Porque hoje é sábado – Jardim-Caeiro

Alexandre Bragion

Deito-me na relva para ser Caeiro. De olhos fechados, ponho-me nu, entregue, inteiro. Depois, abro os olhos e vejo-me real: estou deitado no canteiro do quintal, não tenho relva que me valha nem amor por mim verdadeiro.

Tomo as coisas nas mãos para achar graça, e então percebo que não vejo o que possa ser tão bonito num tempo feito de desgraças. Devo mesmo estar doente dos olhos – e devo a mim mesmo esse defeito, de pensar mais que consigo, de amar mais que perfeito, de negar o que seja só o de se ver, sem nunca deixar de ponderar sempre o efeito.

Sinto como o Mestre, no entanto, e para meu próprio espanto sinto tanto desencanto que meu canto é pranto constante ao cair da tarde que me invade em rebanhos-pensamentos-emoções.

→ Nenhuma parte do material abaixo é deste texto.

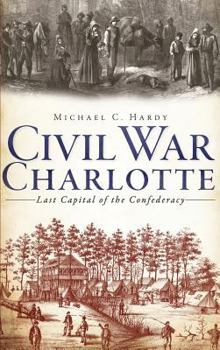 Hardcover Civil War Charlotte: Last Capital of the Confederacy Book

Saudade. Sinto saudade de quem se foi, de quem nunca mais se viu. Sinto saudade de quem nem sei se existiu ou não existiu. Sinto saudade de sentir saudade até – porque ninguém escolhe sofrer ou quase. Por isso, sinto que acho que sinto, talvez de verdade (quem diz?), a grande ilusão da vida – presente nessa dor que a gente não sabe bem onde sente nem quando e por que sentiu.

Assim, e depois de tanto sofrer sem saber o porquê, finjo que sinto também a plenitude do ser que o mistério das cousas esconde por trás de nossa pele grossa. É abril. O sol já deveria ser ameno, mas resiste. Meu jardim de gramas secas, porém, sabe que as estações mudaram. O vento insiste. Disfarço com ele. Talvez sejamos uma coisa sendo outra. Talvez acreditemos – como o verão que persiste – que somos como sol a fazer pro bono – enquanto escondemos da vida (e do jardim) o nosso verdadeiro outono.

É abril – já se foi a Páscoa que não vivo. Volto a Caeiro.  Volto porque sei com ele que meus meio-dias de fim de primavera (e de verão) são o ano todo assim – e não deixam brotar em mim mais do que um pálido autoconforto, pois não espero nunca que a complacência se interesse por mim. Também não sei a verdade – e, como ele, não sou feliz. Não tenho o menino Jesus comigo nem vejo as moças que levam na estrada as bilhas à cabeça.

Sei somente que não sou nem o último nem o primeiro, e que não terei quem me adormeça nos braços do para sempre da relva seca do meu jardim ou num colo-regaço qualquer de minha própria e tão pequena aldeia – esquecida eternamente dentro de mim.